I believed Bring Sex into Focus; The Quest for Sexual Integrity by Caroline J. Simon might be a book to finally put sex in its place. Is it just me, or does anyone else think we spend an inordinate amount of energy on this topic? (And look! I’m contributing to it even now!) From the subtitle, “The Quest for Sexual Integrity,” I anticipated a book that would aid me in coming to peaceful and godly terms with sexuality, so I can get on with life. What I found instead was a book that stirred up already turbulent waters. Reading it did not help me come to terms with human sexuality, but it could possibly be one step toward that end.

Bringing Sex into Focus is marketed as a Christian text, but I would argue it is more postmodern in its approach. Simon identifies herself as a philosopher and a Christian, but she effectively keeps her personal worldview at bay in this study. In fact, she puts her views on par with five others, which she calls lenses, or theories, of how we make sense of sex. The six lenses she identifies are (pithy explanations in parentheses are mine): covenantal view (become one flesh); procreative view (be fruitful and multiply); romantic view (save yourself for someone special); plain sex view (just enjoy it for what it is); power view (sex wields power); and expressive view (a form of self-expression).

As is evident in the excerpt on homosexuality (see p. X), Simon puts a variety of sex-related topics under the different lenses to help the reader understand the complexity of sexuality in our culture. The approach is a bit too myopic, however, in an underlying presupposition that we see sex through one lens. Primarily, perhaps; but this lens analogy would be more effective as a Venn diagram where there are large areas of overlap among several lenses. After all, a rapist can have a quiver full of children at home.
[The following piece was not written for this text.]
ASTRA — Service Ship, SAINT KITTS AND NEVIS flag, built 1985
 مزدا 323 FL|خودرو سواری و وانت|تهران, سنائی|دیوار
In an effort to convey the complexity of human sexuality, Simon oversimplifies the matter.

We need to have empathy for others’ background and experiences. I get it! Who hasn’t seen these different lenses at work in our culture, even among our friends and family members? This is helpful for informing actions and decisions, but it’s not to be confused with a standard by which we act and decide.

Whereas it is not futile or even dangerous to briefly peer through other lenses to help us understand others and to prevent oversimplifying the issues, the lenses are no substitute for a standard of truth. No single lens that Simon proposes accurately represents God’s view of sex, so she was not remiss in failing to identify the 20/20 lens among her six. The problem was that she did not identify that there is a light, apart from the lenses, an objective truth – God’s word – which holds the key to bringing sex into focus  and to sexual integrity in our lives. If the purpose of this book is for academic use in a sexual ethics class—the kind Simon actually teaches—I can understand (though I may not be able to excuse) why she shies away from absolute truth. But I cannot accept placing a view Simon identifies as Christian (covenantal) on par with sex as power, sex as pleasure and sex as self-expression. It would have been better to untag that view as Christian. The view with Christ’s named attached to it is unparalleled, fully in focus and the absolute truth.